Automating the backup with a cronjob

Cron jobs are a way to automate any tasks you want to on a Linux system.

You can have fine-grained control over how often you want to run a task.

Although work with Linux’s cron scheduler is out of the context of this guide, I will share the setting I have for my Nextcloud backup, and a brief explanation of its configuration.

The command to edit what cron jobs are running on a Linux system, Ubuntu in my case, is:

crontab -e

This will open up a temporary file to edit, which will get written to the actual cron file when saved — provided it is syntactically correct.

This is the setting I have in mine for my Nextcloud backup (it should all be on a single line):

10 3 * * 1,4 /home/david/backup-nextcloud >> /home/david/backups/backup-nextcloud.log

The numbers and asterisks are telling cron when the given command should run:

10th minute
3rd Hour
* Day of month (not relevant here)
* Month (not relevant here)
1st,4th Day of the Week (Monday and Thursday)

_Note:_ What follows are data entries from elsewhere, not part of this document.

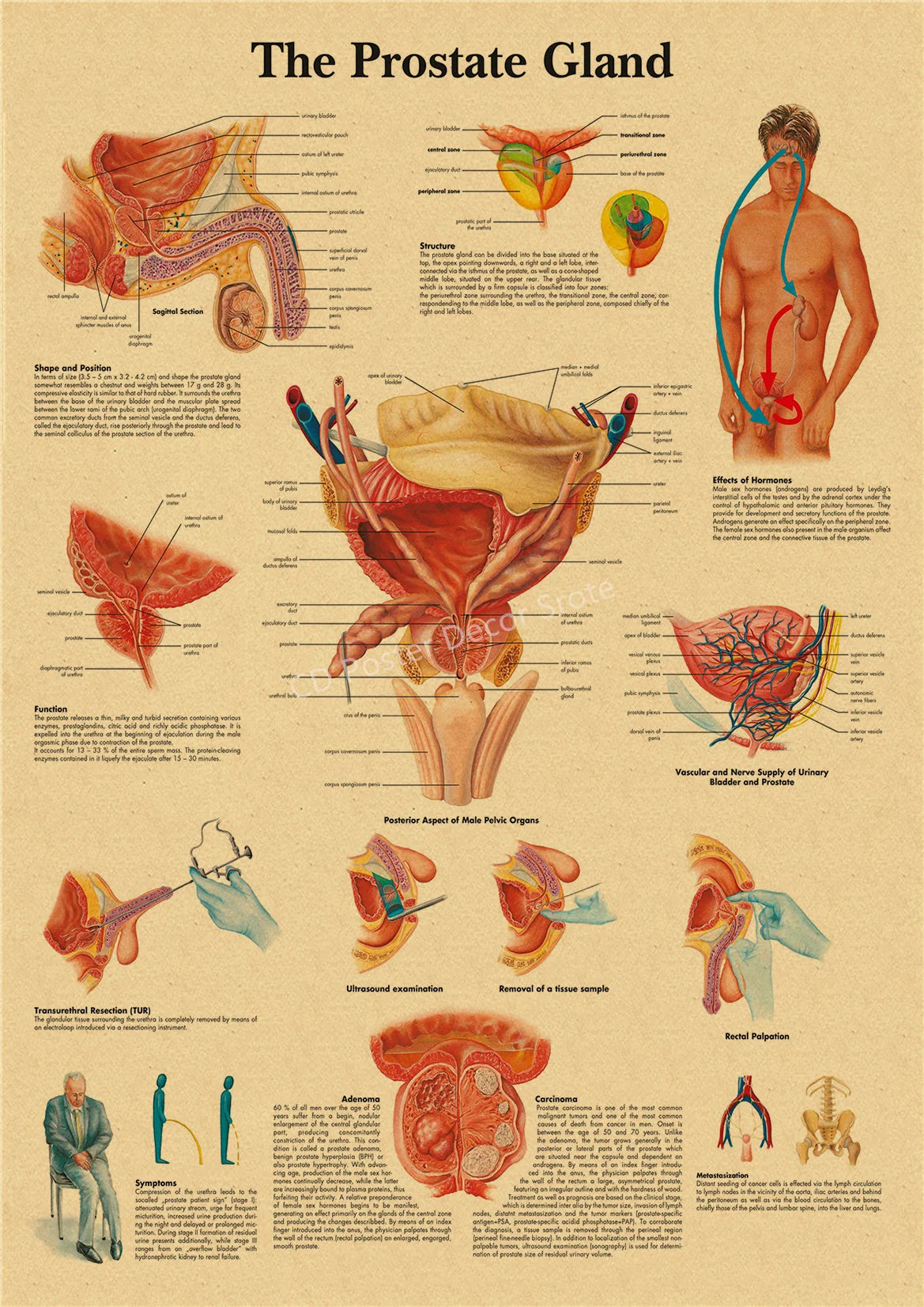 Vintage anatomy poster detailing the structure, function, and effects of the prostate gland.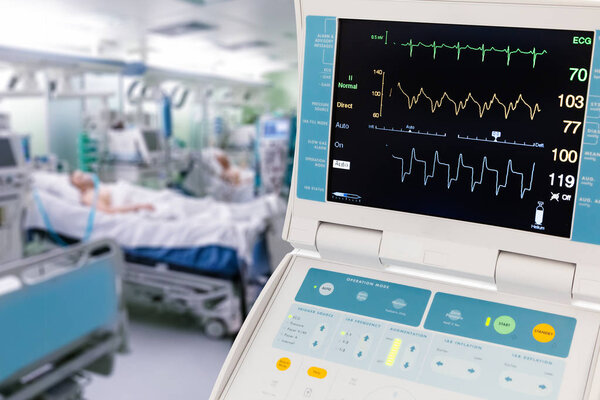 Vital Signs Monitor for Intra-Aortic Balloon Counterpulsation in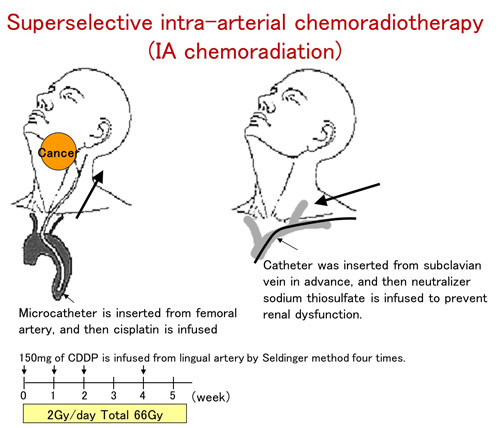 Department of OtolaryngologyHead and Neck Surgery, Hokuto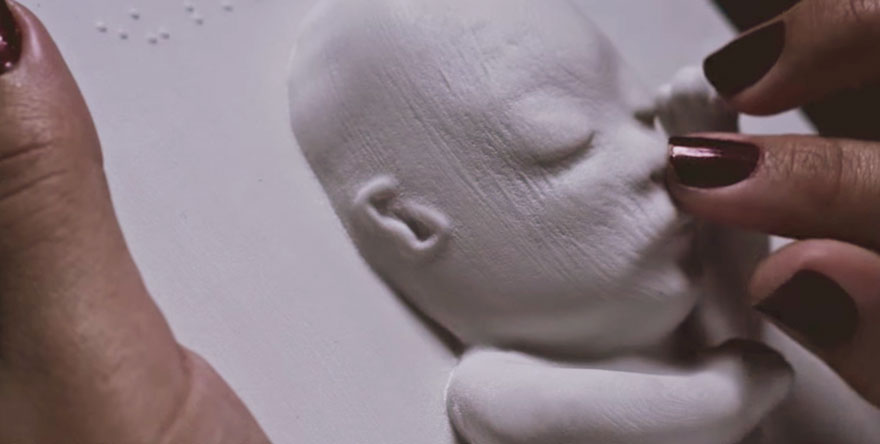 mujer ciega embarazada ecografia 3D 3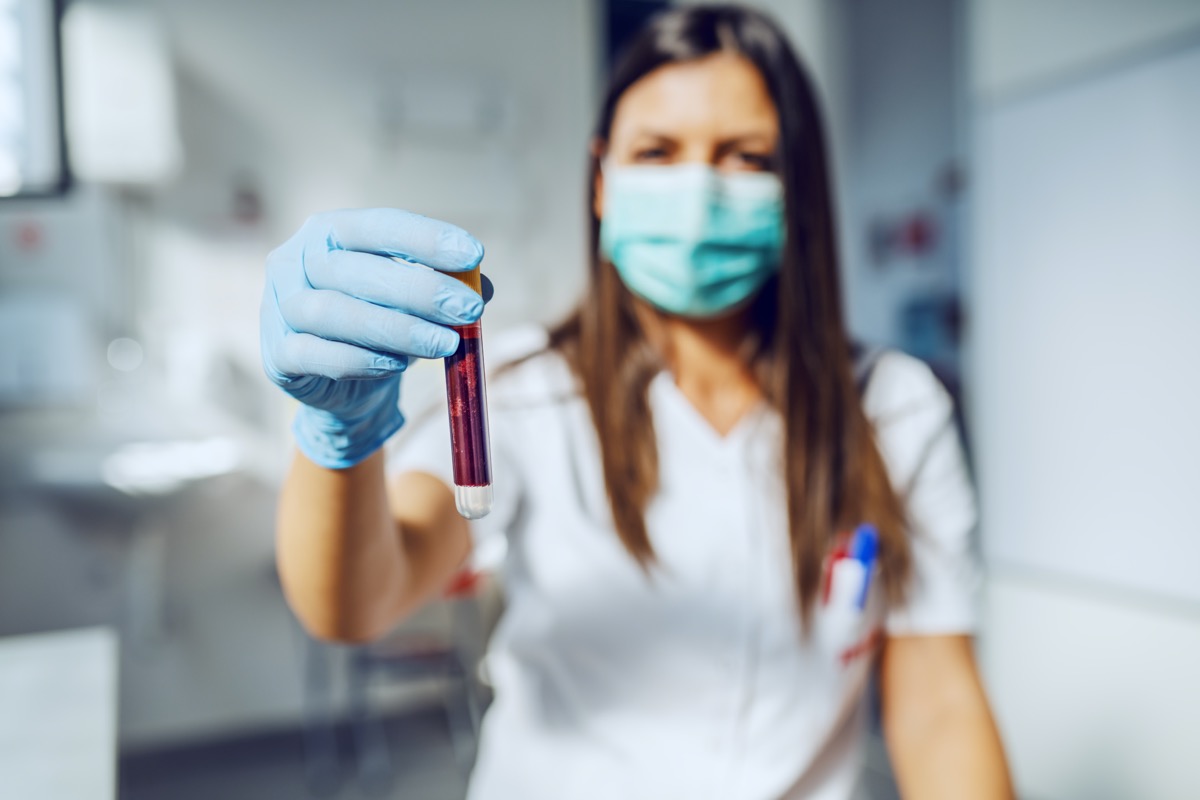 lab assistant holding test tube with blood while standing in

So my configuration there says it will run the /home/david/backup-nextcloud command every Monday and Thursday at 3:10am. It will then pipe the command’s output into my log file for my Nextcloud backups.

Decrypting your backups

Download the file from your Digital Ocean spaces account.

Go into the directory it is downloaded to and run the file command on the archive:

# For example
file nextcloud-data-2023-11-17-03-10-01.tar.gz

# You should get something like the following feedback:
nextcloud-data-2023-11-17-03-10-01.tar.gz: GPG symmetrically encrypted data (AES256 cipher)

You can decrypt the archive with the following command:

gpg --decrypt nextcloud-data-2023-11-17-03-10-01.tar.gz > nextcloud-backup.tar.gz

When you are prompted for a passphrase, enter the one you set up when configuring the s3cmd command previously.

You can now extract the archive and see your data:

tar -xzvf nextcloud-backup.tar.gz

The archive will be extracted into the current directory.